_WORK REQUIRED_
Exactly the lines from the one containing "Cobertura, 02 quartos, Bairro" through the one containing "1/3 Bilgola Place, Eimeo QLD 4740" in the listing below are to be copied, with the pictures left out.

_DATASET ENTRIES_
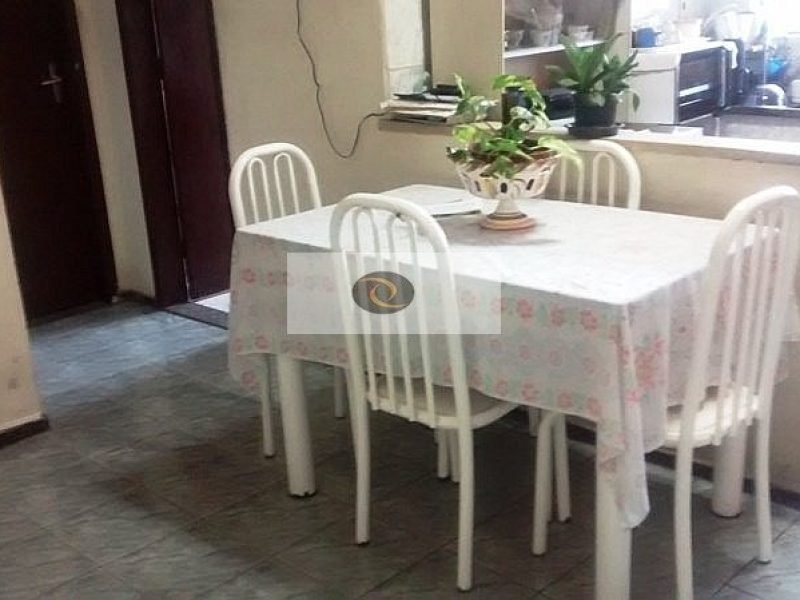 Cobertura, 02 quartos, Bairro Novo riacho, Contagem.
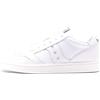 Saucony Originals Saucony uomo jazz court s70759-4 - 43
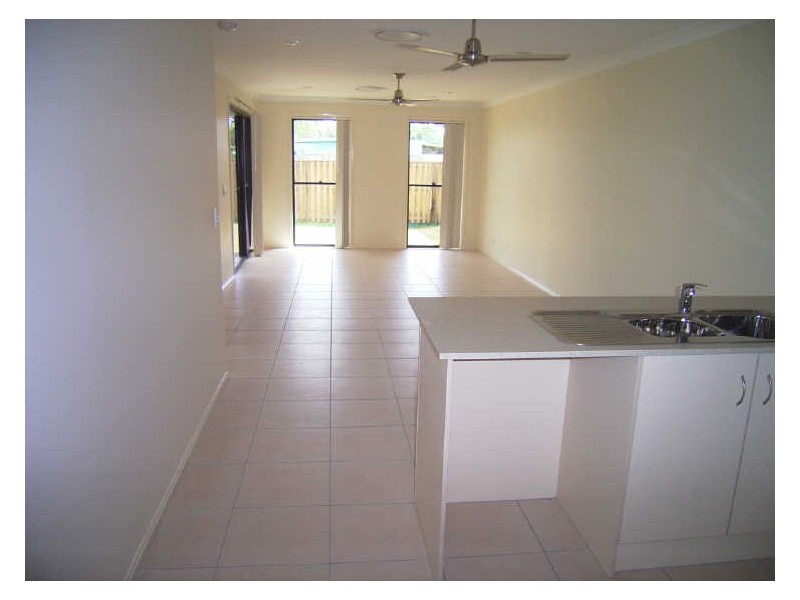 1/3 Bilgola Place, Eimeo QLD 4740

---

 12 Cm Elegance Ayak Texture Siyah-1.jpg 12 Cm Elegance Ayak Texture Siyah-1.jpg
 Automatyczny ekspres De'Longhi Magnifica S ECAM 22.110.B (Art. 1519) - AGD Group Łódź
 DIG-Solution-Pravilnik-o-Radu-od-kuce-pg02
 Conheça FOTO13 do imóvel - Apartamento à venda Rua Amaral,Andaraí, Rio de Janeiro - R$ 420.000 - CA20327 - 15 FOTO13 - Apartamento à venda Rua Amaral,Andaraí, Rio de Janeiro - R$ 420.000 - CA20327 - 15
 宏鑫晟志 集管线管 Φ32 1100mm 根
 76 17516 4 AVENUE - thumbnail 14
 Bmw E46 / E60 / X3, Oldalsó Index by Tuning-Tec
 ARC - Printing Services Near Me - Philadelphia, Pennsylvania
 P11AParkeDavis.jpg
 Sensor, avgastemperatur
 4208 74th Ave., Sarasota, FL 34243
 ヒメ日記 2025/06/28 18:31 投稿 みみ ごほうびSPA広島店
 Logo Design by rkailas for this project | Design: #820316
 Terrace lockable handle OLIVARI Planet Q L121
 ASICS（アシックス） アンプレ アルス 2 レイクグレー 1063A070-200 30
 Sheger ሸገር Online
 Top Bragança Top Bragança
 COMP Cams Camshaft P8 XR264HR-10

_RESPONSE_
 Cobertura, 02 quartos, Bairro Novo riacho, Contagem.
 Saucony Originals Saucony uomo jazz court s70759-4 - 43
 1/3 Bilgola Place, Eimeo QLD 4740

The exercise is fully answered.